I can almost count the occasions when I have got the opportunity to take a trip alone, not just on one hand but perhaps on one finger. Yup, I am a sort of dhabba on the face of independent, do-it-all modern women in some things! When little, we did most of the travelling with parents, as in on holidays or as brother and sister, as in my two and a half years younger brother accompanied me whenever we were allowed to go by ourselves. Now the age gap of 2 to 3 years between siblings is the worst kind of gaps possible. I know it is convenient for the poor parents to ensure production before the machinery goes through wear and tear or the process becomes taxing; and also for children who are born some 8-10 years later after the first born, as lesser eyebrows are raised at the commendable horniness of the parents.

Anyways, the younger-“especially two years younger” brothers are the worst of the lot as kids-they aren’t old enough to be all commanding or young enough to be all obliging. Somewhere in between they become hopelessly demanding, nosey and also threatening with the one and only weapon in their arsenal, “Sunoge nahi to mummy ko bata donga”. And you know that even if the crime is trivial the opposition bench is so bloody cunning that a hanging is imperative. So please welcome the personal, unsolicited bodyguard who wants to tag along everywhere and wants to know everything otherwise he jumps on the blackmail wagon. You can well imagine how those trips minus the parents but with dadi-ma type younger brother could be.

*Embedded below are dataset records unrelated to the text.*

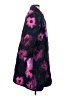 Rachel Comey Purple Coat Size XS - photo 4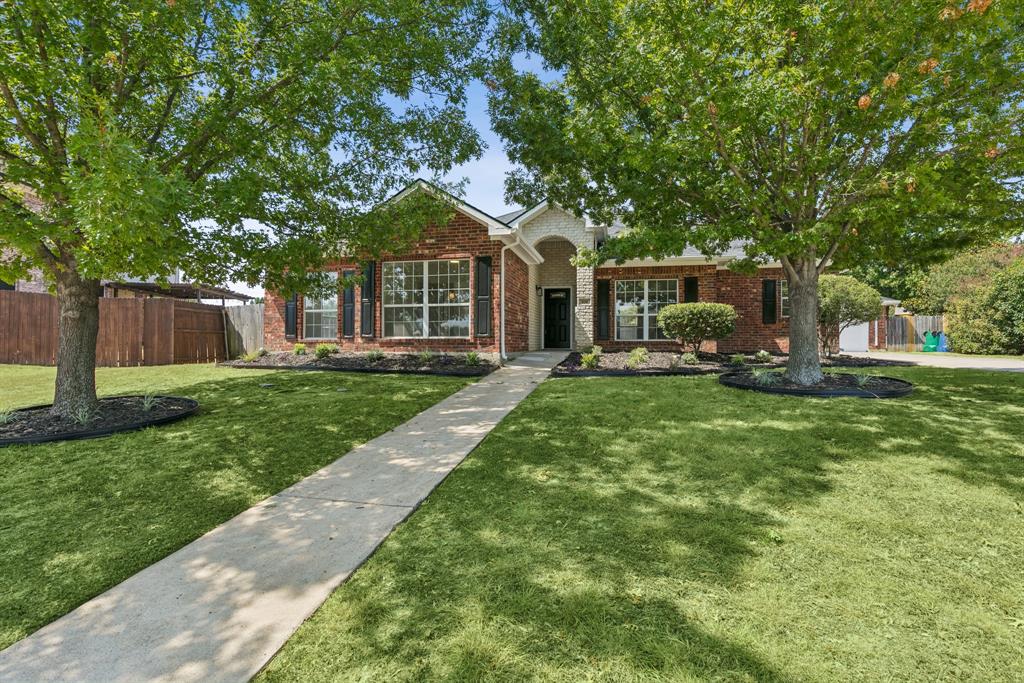636 Whitetail Deer Lane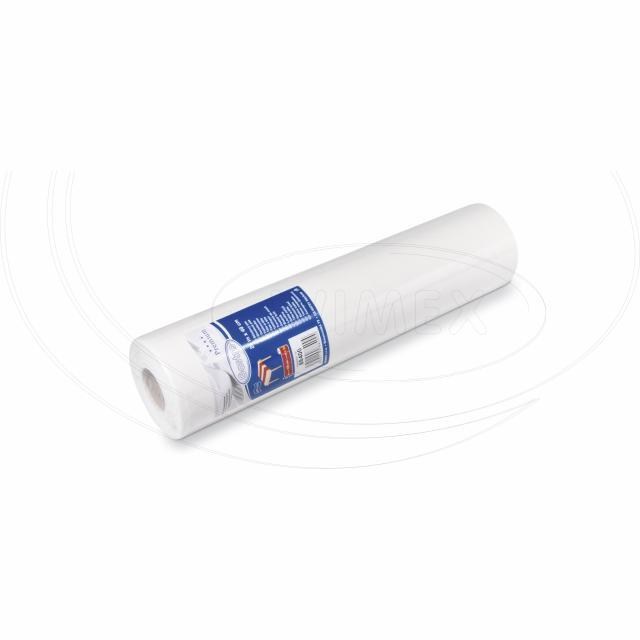 Stredový pás (PAP-Airlaid) PREMIUM biely 40cm x 24m [1 ks]_2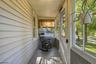 Screened Porch
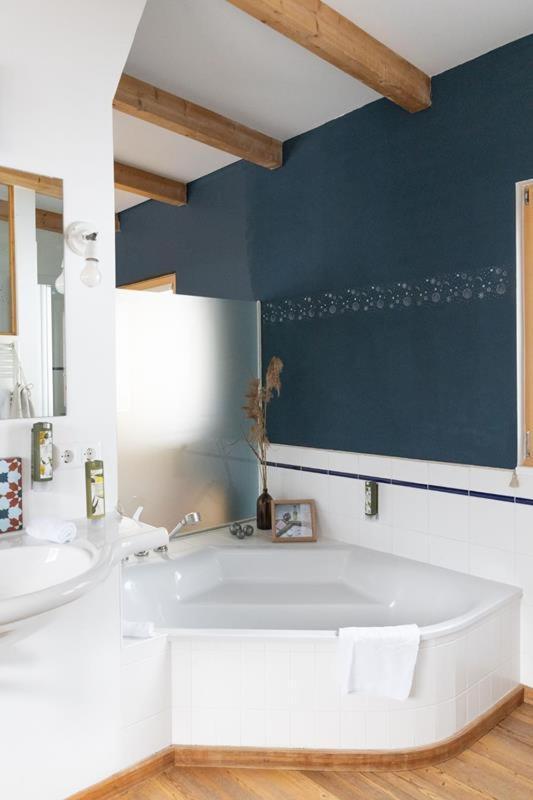 Appartementhotel Am Weissensee Ngoại thất bức ảnh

A couple of times I did manage to journey by train alone during college days and each time I would step onto the compartment floor, a silent prayer would adorn my lips- God, please let this be the mother of all trips that I have envisaged in my mind over and over again: I would get inside, look for my seat and manage to find it somehow but with an occupant already. There would be a magazine covering the better part of his face and I would say, “Excuse me, sir, I think you are on my seat?” And he would in slow motion remove the magazine to reveal his handsome ‘Mr Darcy’ like countenance and be so apologetic that you almost begin to apologise for having checked him. The rest as they say would be history, cutting to the next scene of us being encircled by a big group of friends, after our return from the honeymoon and telling them how we met! *Sigh!* -There, now you know the complete wish. But like half the things that get shot and processed in my little mind but never see the daylight of development, this also seem to be going in the same archive box.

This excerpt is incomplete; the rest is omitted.